Taking the listing below line by line, tally those that contain the string "orange". Give the total alone.

GIVEN DATA Block Start

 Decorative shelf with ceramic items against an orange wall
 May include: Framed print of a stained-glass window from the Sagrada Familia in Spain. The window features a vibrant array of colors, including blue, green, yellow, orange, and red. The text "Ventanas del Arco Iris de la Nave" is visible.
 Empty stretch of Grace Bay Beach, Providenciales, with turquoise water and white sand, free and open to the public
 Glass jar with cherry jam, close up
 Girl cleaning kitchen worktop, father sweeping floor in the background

GIVEN DATA Block End
GIVEN DATA Block Start

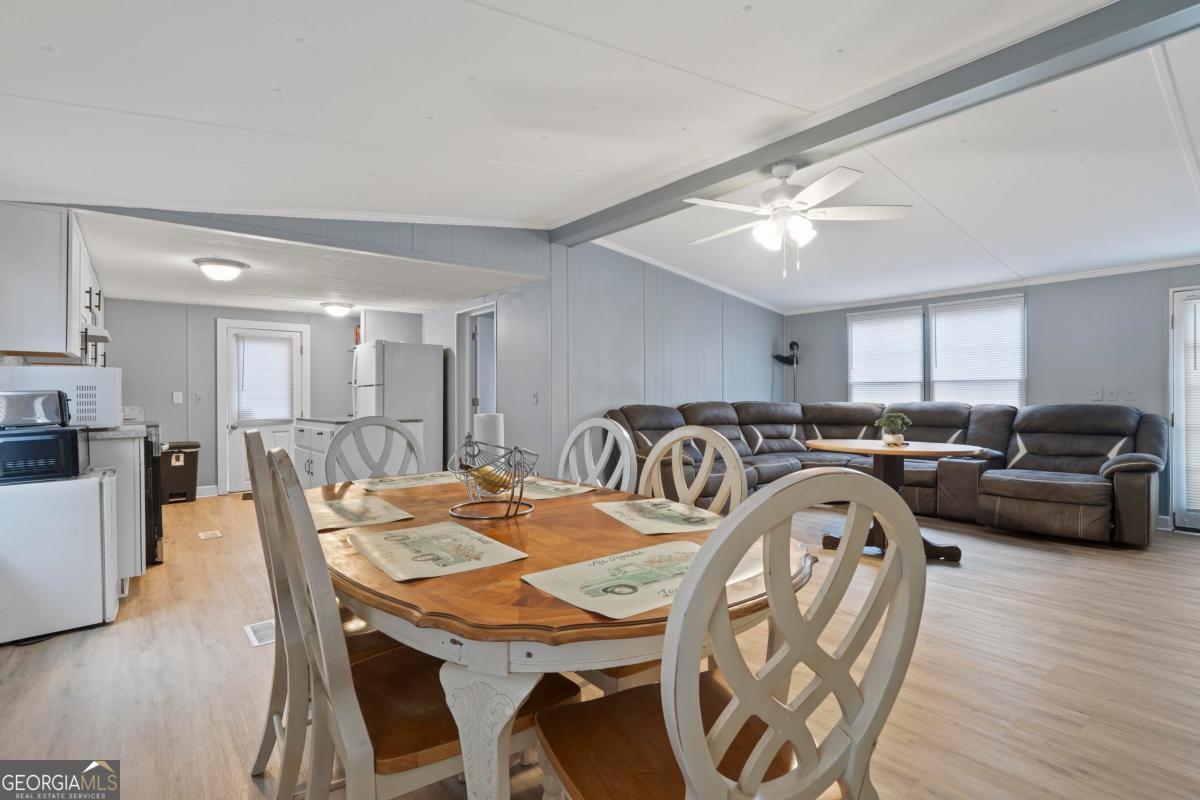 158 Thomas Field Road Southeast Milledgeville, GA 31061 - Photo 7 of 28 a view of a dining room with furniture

GIVEN DATA Block End

## SOLUTION TO THE PROBLEM
2